Data segment
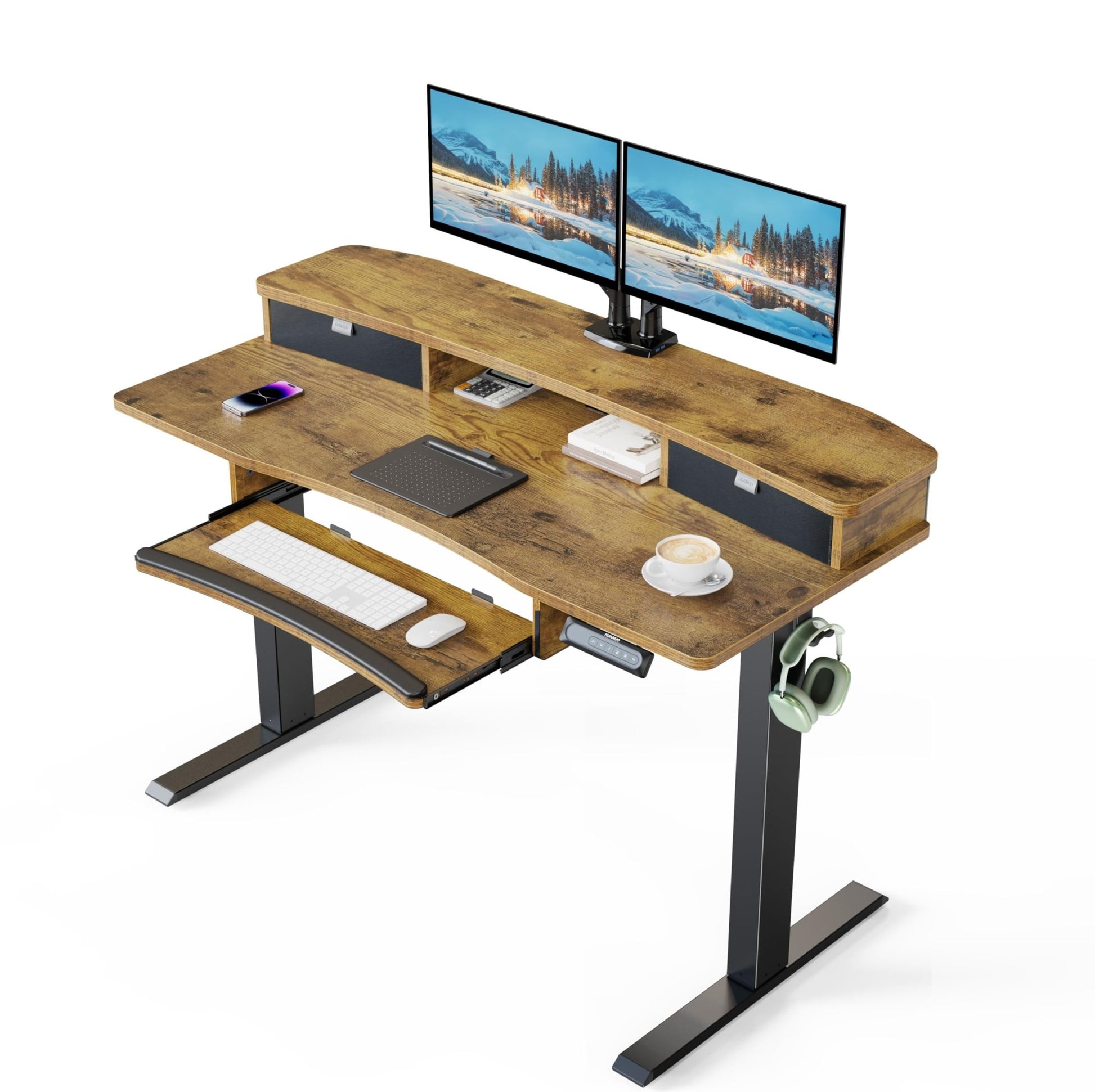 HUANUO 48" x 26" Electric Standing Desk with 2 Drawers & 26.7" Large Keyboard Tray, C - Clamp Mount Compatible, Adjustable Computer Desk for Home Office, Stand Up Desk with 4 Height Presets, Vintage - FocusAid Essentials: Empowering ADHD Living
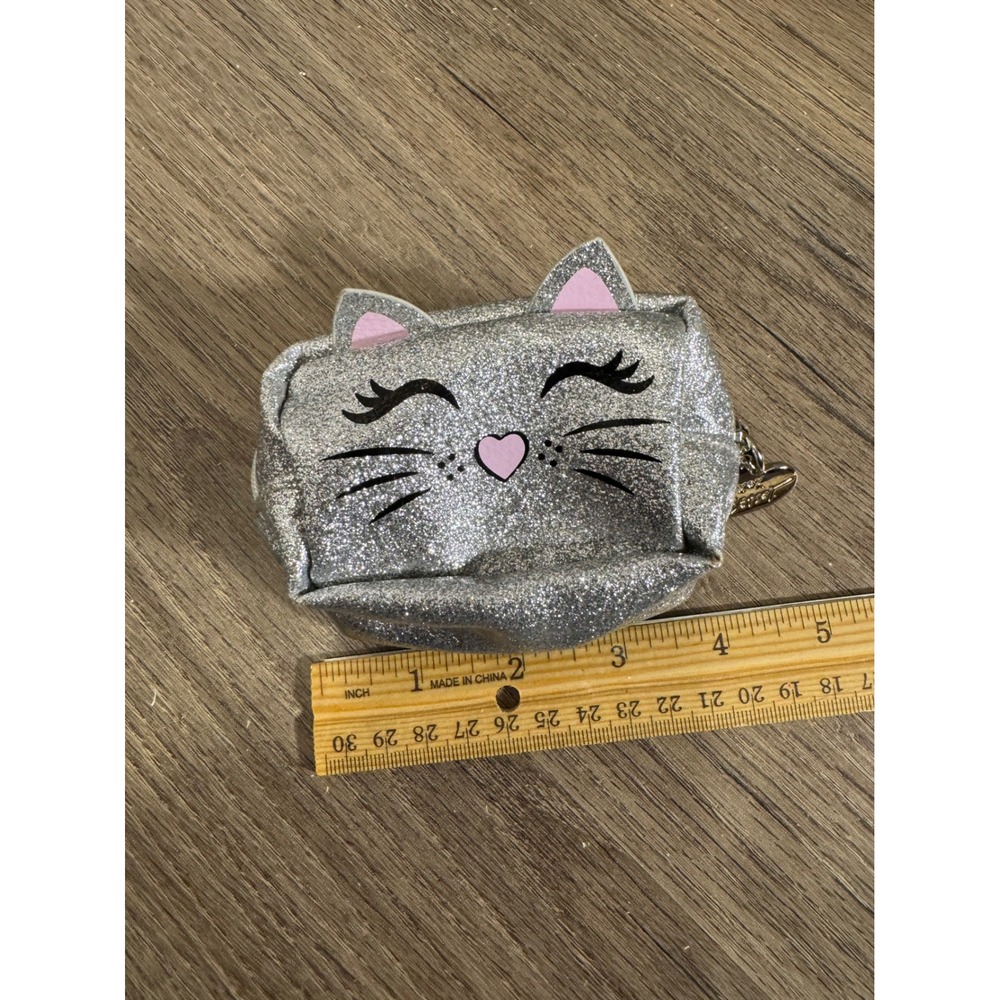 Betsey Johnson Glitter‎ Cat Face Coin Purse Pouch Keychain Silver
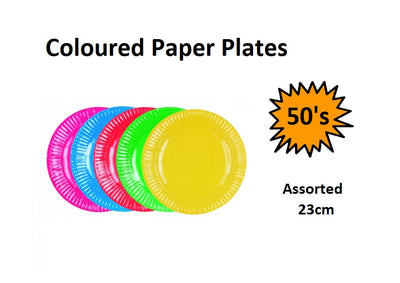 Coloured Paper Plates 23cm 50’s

Your goal
Reproduce the listing verbatim, pictures excluded.

Expected answer
 HUANUO 48" x 26" Electric Standing Desk with 2 Drawers & 26.7" Large Keyboard Tray, C - Clamp Mount Compatible, Adjustable Computer Desk for Home Office, Stand Up Desk with 4 Height Presets, Vintage - FocusAid Essentials: Empowering ADHD Living
 Betsey Johnson Glitter‎ Cat Face Coin Purse Pouch Keychain Silver
 Coloured Paper Plates 23cm 50’s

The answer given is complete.